A major shortage of nurses in one of NSW's largest residential centres for people with disabilities is driving a campaign that hopes to get 10,000 signatures.

Stockton Centre has about 122 full-time registered nurses positions, with only 60 filled with permanent registered nurses, said Lisa Kremmer, manager of the organising team of NSW Nurses and Midwives' Association. The nursing workforce, she said, is also supplemented by enrolled nurses and assistants in nursing.

Casual and agency nurses help to fill in the gaps, but sometimes permanent nurses have to work overtime and with double workload to fill in gaps at the site.

One reason for the shortage, is that Ageing, Disability and Home Care (ADHC) is "developing and redeveloping the large residential centres, moving clients into more community based accommodation," said Kremmer.

Because of this, group homes employ less nurses, she said, "but we have consistently argued that it doesn't matter where a client resides -if they have healthcare needs that require RN levels of care, then that must be provided."

Kremmer said, because of fewer education courses specifically designed for a career in the disability sector, many nurses don't have an opportunity to learn about disability nursing.

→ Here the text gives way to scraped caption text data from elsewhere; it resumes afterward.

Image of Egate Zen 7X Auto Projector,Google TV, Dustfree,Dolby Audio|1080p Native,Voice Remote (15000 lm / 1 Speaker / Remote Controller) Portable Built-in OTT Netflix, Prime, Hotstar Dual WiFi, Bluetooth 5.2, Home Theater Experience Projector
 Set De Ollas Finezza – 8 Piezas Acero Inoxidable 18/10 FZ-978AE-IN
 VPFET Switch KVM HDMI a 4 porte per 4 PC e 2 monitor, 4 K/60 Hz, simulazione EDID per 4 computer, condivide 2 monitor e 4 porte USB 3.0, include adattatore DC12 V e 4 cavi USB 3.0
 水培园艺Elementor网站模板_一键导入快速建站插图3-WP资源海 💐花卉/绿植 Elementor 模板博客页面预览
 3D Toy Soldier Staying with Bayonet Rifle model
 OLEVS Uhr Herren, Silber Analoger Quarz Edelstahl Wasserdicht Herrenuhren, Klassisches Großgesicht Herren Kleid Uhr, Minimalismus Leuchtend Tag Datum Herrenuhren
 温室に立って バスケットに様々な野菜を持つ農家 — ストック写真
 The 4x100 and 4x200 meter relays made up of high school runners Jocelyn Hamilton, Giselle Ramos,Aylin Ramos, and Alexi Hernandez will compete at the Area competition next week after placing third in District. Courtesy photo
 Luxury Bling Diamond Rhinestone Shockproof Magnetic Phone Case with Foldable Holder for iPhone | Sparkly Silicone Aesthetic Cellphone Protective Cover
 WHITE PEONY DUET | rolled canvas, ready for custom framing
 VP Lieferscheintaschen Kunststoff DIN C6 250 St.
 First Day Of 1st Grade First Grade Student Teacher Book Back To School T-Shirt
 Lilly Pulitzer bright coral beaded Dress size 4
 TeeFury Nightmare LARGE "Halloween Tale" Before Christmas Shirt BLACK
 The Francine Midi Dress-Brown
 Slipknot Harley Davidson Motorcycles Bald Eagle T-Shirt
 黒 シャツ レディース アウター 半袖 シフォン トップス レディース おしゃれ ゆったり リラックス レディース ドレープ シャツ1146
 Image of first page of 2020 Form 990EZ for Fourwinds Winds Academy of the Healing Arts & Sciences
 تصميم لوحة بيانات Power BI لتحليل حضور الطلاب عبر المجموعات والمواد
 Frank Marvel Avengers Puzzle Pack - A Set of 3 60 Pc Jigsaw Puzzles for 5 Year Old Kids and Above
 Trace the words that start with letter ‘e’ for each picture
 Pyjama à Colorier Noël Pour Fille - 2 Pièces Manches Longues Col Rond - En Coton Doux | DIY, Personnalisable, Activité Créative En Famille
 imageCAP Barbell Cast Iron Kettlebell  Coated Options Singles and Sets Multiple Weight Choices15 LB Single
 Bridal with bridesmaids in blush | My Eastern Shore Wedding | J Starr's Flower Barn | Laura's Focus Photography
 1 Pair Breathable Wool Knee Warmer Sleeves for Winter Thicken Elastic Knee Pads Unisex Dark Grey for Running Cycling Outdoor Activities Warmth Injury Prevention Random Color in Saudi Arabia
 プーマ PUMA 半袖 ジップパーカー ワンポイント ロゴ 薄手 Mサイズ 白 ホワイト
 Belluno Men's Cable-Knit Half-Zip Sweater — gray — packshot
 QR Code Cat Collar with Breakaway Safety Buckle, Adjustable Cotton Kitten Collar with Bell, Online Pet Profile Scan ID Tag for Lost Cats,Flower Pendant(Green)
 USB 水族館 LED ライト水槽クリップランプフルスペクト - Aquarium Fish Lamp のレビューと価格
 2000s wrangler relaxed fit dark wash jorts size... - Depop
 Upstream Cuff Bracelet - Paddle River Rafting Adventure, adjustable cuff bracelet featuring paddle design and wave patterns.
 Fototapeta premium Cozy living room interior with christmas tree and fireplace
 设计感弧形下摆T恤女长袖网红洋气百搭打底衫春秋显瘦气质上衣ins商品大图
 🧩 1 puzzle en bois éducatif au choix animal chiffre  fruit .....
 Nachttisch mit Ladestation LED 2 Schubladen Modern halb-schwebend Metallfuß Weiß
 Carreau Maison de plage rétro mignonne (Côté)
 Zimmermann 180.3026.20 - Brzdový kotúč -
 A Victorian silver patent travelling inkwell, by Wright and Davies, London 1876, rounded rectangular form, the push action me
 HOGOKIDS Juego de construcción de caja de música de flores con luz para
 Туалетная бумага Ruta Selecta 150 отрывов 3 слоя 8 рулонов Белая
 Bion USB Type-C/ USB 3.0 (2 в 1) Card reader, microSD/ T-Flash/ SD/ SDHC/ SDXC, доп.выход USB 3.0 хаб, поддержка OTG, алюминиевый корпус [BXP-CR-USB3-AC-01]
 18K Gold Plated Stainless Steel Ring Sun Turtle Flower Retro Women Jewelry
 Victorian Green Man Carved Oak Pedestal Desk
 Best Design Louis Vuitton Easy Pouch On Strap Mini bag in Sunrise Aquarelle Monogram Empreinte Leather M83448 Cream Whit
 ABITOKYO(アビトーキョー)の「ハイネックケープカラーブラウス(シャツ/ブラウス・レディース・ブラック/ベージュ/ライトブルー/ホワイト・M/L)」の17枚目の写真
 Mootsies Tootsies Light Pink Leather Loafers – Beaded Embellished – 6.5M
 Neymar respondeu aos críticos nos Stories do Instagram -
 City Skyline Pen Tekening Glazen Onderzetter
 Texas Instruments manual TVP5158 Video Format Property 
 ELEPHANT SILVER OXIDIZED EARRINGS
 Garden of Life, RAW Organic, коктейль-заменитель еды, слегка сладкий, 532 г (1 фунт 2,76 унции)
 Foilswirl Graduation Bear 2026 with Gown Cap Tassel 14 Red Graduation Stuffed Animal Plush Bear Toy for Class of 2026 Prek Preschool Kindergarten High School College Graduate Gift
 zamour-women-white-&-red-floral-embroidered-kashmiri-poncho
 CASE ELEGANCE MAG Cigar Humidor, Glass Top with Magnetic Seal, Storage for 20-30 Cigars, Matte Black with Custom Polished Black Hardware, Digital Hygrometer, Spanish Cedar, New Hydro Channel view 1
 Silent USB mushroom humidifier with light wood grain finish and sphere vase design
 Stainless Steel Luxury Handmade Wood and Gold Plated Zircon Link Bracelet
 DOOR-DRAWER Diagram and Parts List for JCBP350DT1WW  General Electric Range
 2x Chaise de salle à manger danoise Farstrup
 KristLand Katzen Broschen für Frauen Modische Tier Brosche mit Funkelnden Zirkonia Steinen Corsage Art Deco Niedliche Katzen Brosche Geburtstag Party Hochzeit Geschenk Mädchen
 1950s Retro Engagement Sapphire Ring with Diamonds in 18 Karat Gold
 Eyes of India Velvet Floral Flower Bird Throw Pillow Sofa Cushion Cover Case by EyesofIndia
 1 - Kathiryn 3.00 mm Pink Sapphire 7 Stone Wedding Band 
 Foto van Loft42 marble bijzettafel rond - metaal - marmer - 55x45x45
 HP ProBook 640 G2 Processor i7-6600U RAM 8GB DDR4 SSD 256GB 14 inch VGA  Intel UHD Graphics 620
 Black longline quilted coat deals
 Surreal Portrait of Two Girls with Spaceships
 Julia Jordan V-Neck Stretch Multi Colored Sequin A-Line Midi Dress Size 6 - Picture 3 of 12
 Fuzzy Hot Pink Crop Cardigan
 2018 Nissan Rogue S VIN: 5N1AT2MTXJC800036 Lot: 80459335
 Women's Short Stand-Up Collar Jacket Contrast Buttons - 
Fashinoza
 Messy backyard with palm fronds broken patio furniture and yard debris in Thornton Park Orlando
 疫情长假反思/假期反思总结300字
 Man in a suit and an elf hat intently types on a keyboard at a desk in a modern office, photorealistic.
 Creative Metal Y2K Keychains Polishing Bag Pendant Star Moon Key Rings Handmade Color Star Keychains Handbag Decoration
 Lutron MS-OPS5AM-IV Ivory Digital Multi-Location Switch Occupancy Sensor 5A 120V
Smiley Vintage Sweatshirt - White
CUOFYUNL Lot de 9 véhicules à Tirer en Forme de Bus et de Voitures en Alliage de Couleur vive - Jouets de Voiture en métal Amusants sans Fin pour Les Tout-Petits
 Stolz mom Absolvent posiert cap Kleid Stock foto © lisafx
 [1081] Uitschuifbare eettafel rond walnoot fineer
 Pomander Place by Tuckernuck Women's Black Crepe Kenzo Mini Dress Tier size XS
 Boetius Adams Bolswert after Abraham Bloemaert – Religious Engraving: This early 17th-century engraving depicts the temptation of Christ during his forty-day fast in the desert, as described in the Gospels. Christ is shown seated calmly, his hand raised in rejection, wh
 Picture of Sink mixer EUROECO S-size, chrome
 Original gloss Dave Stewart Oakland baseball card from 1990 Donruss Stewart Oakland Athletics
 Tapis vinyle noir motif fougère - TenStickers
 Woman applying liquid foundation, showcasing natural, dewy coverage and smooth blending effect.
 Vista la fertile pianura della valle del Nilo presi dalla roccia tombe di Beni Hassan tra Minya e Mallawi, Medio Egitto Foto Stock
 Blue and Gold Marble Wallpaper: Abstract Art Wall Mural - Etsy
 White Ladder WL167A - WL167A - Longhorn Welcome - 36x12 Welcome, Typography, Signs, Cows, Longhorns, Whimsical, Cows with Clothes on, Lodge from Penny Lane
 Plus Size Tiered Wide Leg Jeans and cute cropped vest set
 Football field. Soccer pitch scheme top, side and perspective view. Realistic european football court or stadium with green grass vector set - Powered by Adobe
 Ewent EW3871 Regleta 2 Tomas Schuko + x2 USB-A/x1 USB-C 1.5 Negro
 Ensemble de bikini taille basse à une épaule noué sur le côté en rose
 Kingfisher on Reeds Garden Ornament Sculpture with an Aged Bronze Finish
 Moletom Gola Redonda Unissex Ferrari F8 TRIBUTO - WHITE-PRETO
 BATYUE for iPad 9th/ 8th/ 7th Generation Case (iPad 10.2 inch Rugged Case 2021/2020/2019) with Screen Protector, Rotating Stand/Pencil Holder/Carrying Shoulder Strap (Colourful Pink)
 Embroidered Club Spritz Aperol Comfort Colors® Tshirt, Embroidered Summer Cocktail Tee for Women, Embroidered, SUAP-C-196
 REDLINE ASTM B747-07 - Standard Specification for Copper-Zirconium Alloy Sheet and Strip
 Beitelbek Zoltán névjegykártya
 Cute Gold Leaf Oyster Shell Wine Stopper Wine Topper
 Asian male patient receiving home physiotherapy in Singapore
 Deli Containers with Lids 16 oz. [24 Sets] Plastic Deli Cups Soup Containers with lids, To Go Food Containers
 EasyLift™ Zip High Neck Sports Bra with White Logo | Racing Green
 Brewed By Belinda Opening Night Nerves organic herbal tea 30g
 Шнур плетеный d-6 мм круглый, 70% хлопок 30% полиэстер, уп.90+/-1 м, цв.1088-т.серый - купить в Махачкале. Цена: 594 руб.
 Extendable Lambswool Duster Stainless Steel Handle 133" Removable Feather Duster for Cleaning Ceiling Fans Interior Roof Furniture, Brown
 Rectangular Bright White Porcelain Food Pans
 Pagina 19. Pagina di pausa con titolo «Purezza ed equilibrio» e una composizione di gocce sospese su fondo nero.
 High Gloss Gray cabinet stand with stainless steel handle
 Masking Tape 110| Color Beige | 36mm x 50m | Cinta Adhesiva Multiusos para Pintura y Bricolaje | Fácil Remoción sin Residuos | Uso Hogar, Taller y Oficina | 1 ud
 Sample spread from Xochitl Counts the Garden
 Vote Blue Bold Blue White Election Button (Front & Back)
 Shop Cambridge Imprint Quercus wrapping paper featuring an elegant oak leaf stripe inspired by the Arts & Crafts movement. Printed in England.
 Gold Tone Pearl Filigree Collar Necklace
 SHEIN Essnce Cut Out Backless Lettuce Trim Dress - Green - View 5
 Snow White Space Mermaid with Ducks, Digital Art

Uncertainty about future employment and job security also count as reasons for the lack of RNs.

She also pointed to the decreasing pay rates in the public sector. "Pay parity was achieved in 2010, with the last pay rise of the ADHC Nurses Award meeting the public health system rates of pay," said Kremmer.

Another reason for the fall in numbers, said Kremmer, is the government's proposal to remove disability nurses' benefits including annual leave load and family/community service leave.

Kremmer said all these resulted in the crisis in nursing across ADHC. She added that this shortage means less supervision for clients and assistants in nursing.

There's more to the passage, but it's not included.